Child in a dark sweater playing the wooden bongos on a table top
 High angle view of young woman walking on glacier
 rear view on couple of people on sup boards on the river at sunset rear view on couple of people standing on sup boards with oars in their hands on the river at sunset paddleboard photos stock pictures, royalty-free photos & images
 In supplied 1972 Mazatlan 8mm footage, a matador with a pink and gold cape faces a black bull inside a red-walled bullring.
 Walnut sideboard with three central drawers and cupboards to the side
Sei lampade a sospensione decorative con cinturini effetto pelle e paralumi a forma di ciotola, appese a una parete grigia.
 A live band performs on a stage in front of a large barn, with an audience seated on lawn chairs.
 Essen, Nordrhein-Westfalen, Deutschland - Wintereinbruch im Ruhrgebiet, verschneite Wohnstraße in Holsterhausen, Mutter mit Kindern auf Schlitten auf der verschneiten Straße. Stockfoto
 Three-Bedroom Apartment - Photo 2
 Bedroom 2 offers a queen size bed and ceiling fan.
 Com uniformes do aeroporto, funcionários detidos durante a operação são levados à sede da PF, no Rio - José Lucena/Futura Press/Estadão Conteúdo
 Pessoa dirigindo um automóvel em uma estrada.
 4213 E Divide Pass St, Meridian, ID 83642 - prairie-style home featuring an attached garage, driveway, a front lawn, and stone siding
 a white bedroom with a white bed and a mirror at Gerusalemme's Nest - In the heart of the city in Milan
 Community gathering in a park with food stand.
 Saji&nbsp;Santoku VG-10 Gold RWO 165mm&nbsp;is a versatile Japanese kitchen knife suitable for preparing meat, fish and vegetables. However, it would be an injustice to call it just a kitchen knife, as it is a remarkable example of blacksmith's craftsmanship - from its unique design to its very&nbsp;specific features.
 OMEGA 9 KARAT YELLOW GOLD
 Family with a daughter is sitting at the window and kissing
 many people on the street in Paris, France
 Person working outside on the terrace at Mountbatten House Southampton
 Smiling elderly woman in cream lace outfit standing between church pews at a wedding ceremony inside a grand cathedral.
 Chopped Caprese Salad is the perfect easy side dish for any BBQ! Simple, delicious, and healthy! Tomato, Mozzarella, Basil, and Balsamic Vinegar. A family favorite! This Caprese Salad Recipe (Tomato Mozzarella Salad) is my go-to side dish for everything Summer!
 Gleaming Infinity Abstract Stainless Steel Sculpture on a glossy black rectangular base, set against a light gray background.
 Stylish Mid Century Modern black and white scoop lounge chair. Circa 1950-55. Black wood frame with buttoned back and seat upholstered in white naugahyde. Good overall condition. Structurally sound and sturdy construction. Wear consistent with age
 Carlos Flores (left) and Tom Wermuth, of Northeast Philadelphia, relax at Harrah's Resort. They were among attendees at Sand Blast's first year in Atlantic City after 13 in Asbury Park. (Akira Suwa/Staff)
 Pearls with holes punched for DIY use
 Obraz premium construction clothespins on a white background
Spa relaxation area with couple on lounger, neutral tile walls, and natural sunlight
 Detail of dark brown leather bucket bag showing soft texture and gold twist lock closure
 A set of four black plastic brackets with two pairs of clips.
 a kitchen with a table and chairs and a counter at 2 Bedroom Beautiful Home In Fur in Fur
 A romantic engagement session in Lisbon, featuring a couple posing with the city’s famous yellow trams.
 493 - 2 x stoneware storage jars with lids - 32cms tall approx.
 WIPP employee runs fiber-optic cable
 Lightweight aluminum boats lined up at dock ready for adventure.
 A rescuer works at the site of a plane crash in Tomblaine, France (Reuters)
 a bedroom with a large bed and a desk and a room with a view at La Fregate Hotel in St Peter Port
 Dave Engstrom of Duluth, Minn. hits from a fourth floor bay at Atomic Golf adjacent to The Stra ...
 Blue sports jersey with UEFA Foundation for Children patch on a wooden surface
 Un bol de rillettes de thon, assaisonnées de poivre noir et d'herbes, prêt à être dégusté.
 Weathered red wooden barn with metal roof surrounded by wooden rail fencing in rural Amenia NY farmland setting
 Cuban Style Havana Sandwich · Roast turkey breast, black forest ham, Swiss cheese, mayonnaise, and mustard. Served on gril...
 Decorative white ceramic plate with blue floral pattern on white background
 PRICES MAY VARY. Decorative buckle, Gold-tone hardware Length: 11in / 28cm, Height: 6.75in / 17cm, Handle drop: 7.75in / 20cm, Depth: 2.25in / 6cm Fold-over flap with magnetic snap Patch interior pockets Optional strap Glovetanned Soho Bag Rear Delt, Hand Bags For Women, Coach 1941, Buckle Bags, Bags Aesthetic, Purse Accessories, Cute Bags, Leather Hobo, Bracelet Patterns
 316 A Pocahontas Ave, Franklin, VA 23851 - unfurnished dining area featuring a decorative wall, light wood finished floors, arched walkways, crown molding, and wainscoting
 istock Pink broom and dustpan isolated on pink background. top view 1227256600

§ WHAT THE TASK ASKS:
What you return must match the listing above exactly, with every line included.

§ EXPECTED ANSWER:
Child in a dark sweater playing the wooden bongos on a table top
 High angle view of young woman walking on glacier
 rear view on couple of people on sup boards on the river at sunset rear view on couple of people standing on sup boards with oars in their hands on the river at sunset paddleboard photos stock pictures, royalty-free photos & images
 In supplied 1972 Mazatlan 8mm footage, a matador with a pink and gold cape faces a black bull inside a red-walled bullring.
 Walnut sideboard with three central drawers and cupboards to the side
Sei lampade a sospensione decorative con cinturini effetto pelle e paralumi a forma di ciotola, appese a una parete grigia.
 A live band performs on a stage in front of a large barn, with an audience seated on lawn chairs.
 Essen, Nordrhein-Westfalen, Deutschland - Wintereinbruch im Ruhrgebiet, verschneite Wohnstraße in Holsterhausen, Mutter mit Kindern auf Schlitten auf der verschneiten Straße. Stockfoto
 Three-Bedroom Apartment - Photo 2
 Bedroom 2 offers a queen size bed and ceiling fan.
 Com uniformes do aeroporto, funcionários detidos durante a operação são levados à sede da PF, no Rio - José Lucena/Futura Press/Estadão Conteúdo
 Pessoa dirigindo um automóvel em uma estrada.
 4213 E Divide Pass St, Meridian, ID 83642 - prairie-style home featuring an attached garage, driveway, a front lawn, and stone siding
 a white bedroom with a white bed and a mirror at Gerusalemme's Nest - In the heart of the city in Milan
 Community gathering in a park with food stand.
 Saji&nbsp;Santoku VG-10 Gold RWO 165mm&nbsp;is a versatile Japanese kitchen knife suitable for preparing meat, fish and vegetables. However, it would be an injustice to call it just a kitchen knife, as it is a remarkable example of blacksmith's craftsmanship - from its unique design to its very&nbsp;specific features.
 OMEGA 9 KARAT YELLOW GOLD
 Family with a daughter is sitting at the window and kissing
 many people on the street in Paris, France
 Person working outside on the terrace at Mountbatten House Southampton
 Smiling elderly woman in cream lace outfit standing between church pews at a wedding ceremony inside a grand cathedral.
 Chopped Caprese Salad is the perfect easy side dish for any BBQ! Simple, delicious, and healthy! Tomato, Mozzarella, Basil, and Balsamic Vinegar. A family favorite! This Caprese Salad Recipe (Tomato Mozzarella Salad) is my go-to side dish for everything Summer!
 Gleaming Infinity Abstract Stainless Steel Sculpture on a glossy black rectangular base, set against a light gray background.
 Stylish Mid Century Modern black and white scoop lounge chair. Circa 1950-55. Black wood frame with buttoned back and seat upholstered in white naugahyde. Good overall condition. Structurally sound and sturdy construction. Wear consistent with age
 Carlos Flores (left) and Tom Wermuth, of Northeast Philadelphia, relax at Harrah's Resort. They were among attendees at Sand Blast's first year in Atlantic City after 13 in Asbury Park. (Akira Suwa/Staff)
 Pearls with holes punched for DIY use
 Obraz premium construction clothespins on a white background
Spa relaxation area with couple on lounger, neutral tile walls, and natural sunlight
 Detail of dark brown leather bucket bag showing soft texture and gold twist lock closure
 A set of four black plastic brackets with two pairs of clips.
 a kitchen with a table and chairs and a counter at 2 Bedroom Beautiful Home In Fur in Fur
 A romantic engagement session in Lisbon, featuring a couple posing with the city’s famous yellow trams.
 493 - 2 x stoneware storage jars with lids - 32cms tall approx.
 WIPP employee runs fiber-optic cable
 Lightweight aluminum boats lined up at dock ready for adventure.
 A rescuer works at the site of a plane crash in Tomblaine, France (Reuters)
 a bedroom with a large bed and a desk and a room with a view at La Fregate Hotel in St Peter Port
 Dave Engstrom of Duluth, Minn. hits from a fourth floor bay at Atomic Golf adjacent to The Stra ...
 Blue sports jersey with UEFA Foundation for Children patch on a wooden surface
 Un bol de rillettes de thon, assaisonnées de poivre noir et d'herbes, prêt à être dégusté.
 Weathered red wooden barn with metal roof surrounded by wooden rail fencing in rural Amenia NY farmland setting
 Cuban Style Havana Sandwich · Roast turkey breast, black forest ham, Swiss cheese, mayonnaise, and mustard. Served on gril...
 Decorative white ceramic plate with blue floral pattern on white background
 PRICES MAY VARY. Decorative buckle, Gold-tone hardware Length: 11in / 28cm, Height: 6.75in / 17cm, Handle drop: 7.75in / 20cm, Depth: 2.25in / 6cm Fold-over flap with magnetic snap Patch interior pockets Optional strap Glovetanned Soho Bag Rear Delt, Hand Bags For Women, Coach 1941, Buckle Bags, Bags Aesthetic, Purse Accessories, Cute Bags, Leather Hobo, Bracelet Patterns
 316 A Pocahontas Ave, Franklin, VA 23851 - unfurnished dining area featuring a decorative wall, light wood finished floors, arched walkways, crown molding, and wainscoting
 istock Pink broom and dustpan isolated on pink background. top view 1227256600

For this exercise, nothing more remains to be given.